Scraped caption text data
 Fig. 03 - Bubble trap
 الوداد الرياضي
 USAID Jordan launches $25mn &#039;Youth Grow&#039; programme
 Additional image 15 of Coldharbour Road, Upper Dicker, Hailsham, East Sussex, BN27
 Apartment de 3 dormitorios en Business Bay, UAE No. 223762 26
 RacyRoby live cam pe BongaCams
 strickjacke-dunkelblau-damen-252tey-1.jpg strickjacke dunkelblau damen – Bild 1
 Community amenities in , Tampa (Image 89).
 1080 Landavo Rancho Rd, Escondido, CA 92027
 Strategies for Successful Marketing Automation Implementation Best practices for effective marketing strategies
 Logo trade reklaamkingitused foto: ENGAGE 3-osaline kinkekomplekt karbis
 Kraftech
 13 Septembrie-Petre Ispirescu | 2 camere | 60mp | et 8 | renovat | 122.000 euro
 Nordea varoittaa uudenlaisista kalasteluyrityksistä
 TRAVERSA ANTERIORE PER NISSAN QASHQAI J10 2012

==

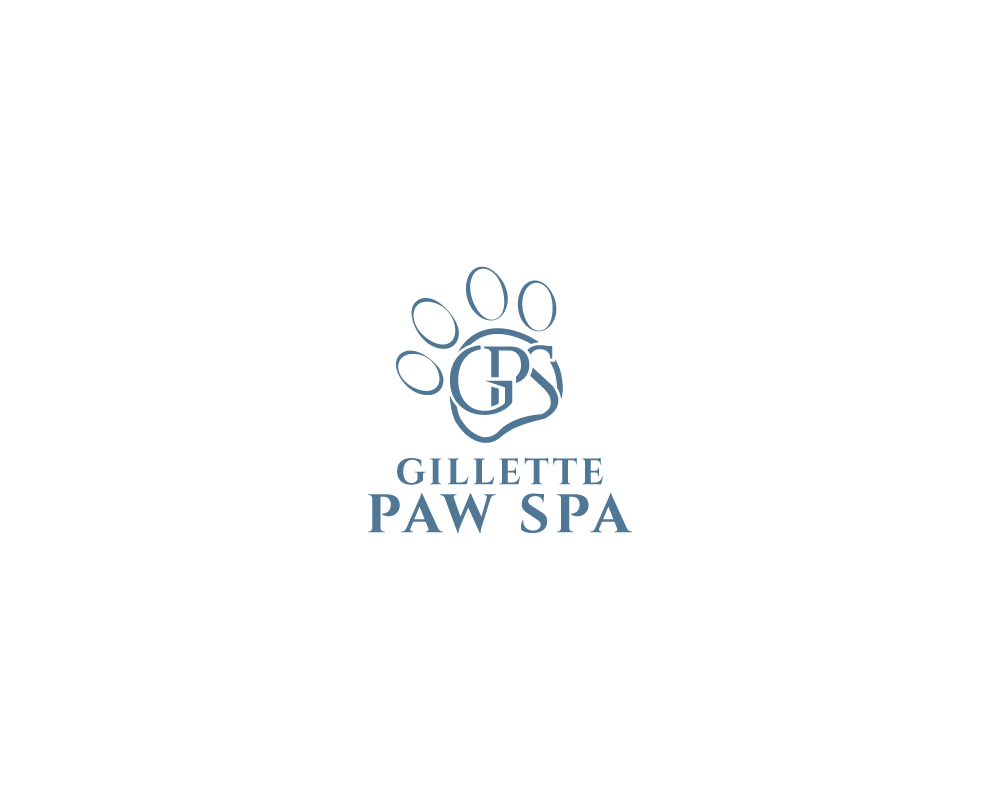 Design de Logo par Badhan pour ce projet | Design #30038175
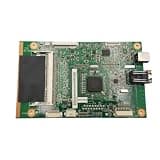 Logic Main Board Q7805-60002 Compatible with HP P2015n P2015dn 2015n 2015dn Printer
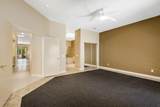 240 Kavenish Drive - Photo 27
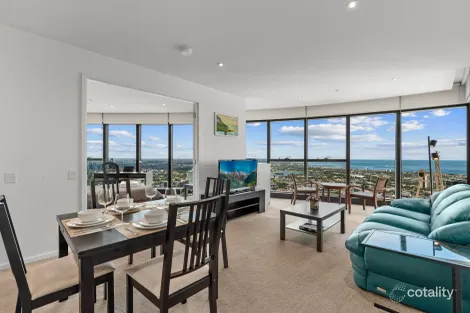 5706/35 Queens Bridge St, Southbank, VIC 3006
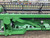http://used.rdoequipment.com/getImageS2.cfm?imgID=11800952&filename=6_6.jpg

* * *

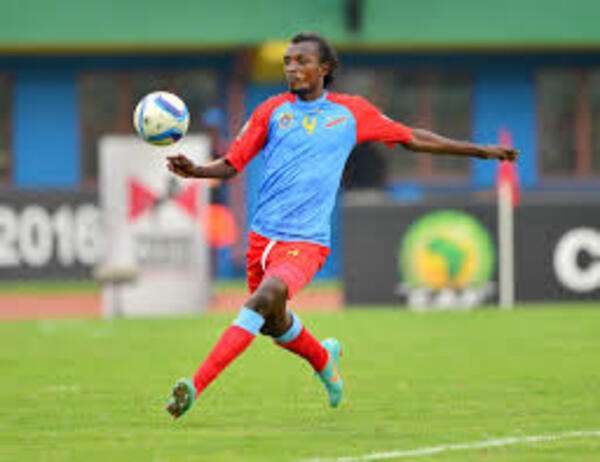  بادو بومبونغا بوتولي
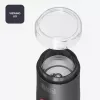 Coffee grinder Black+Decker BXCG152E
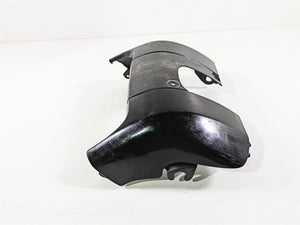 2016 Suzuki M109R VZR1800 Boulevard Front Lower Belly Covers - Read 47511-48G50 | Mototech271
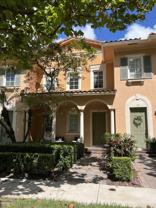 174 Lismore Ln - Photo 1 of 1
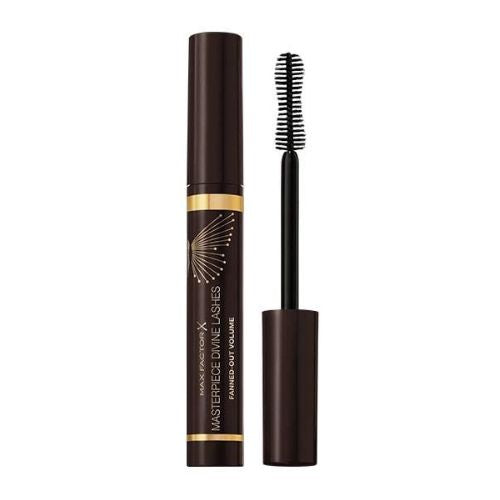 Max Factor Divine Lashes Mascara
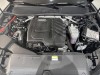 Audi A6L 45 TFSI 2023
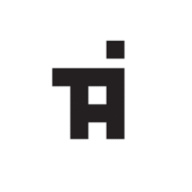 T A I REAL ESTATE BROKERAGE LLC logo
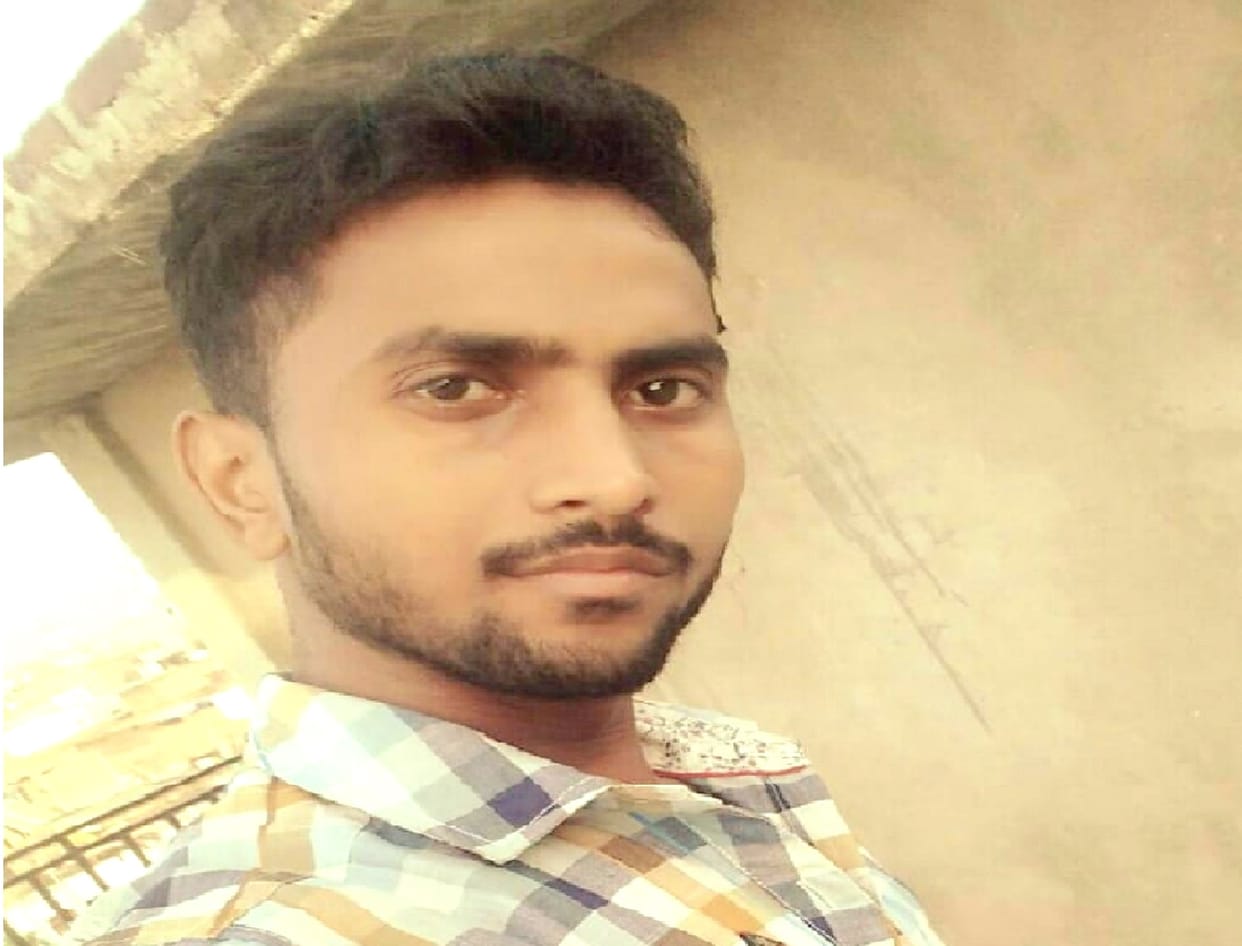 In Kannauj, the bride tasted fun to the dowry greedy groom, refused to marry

# [Required work]
For this exercise, repeat exactly the lines of the data above from the one with "strickjacke-dunkelblau-damen-252tey-1.jpg strickjacke dunkelblau" down to the one with "TRAVERSA ANTERIORE PER", both end lines included.

# [Task response]
 strickjacke-dunkelblau-damen-252tey-1.jpg strickjacke dunkelblau damen – Bild 1
 Community amenities in , Tampa (Image 89).
 1080 Landavo Rancho Rd, Escondido, CA 92027
 Strategies for Successful Marketing Automation Implementation Best practices for effective marketing strategies
 Logo trade reklaamkingitused foto: ENGAGE 3-osaline kinkekomplekt karbis
 Kraftech
 13 Septembrie-Petre Ispirescu | 2 camere | 60mp | et 8 | renovat | 122.000 euro
 Nordea varoittaa uudenlaisista kalasteluyrityksistä
 TRAVERSA ANTERIORE PER NISSAN QASHQAI J10 2012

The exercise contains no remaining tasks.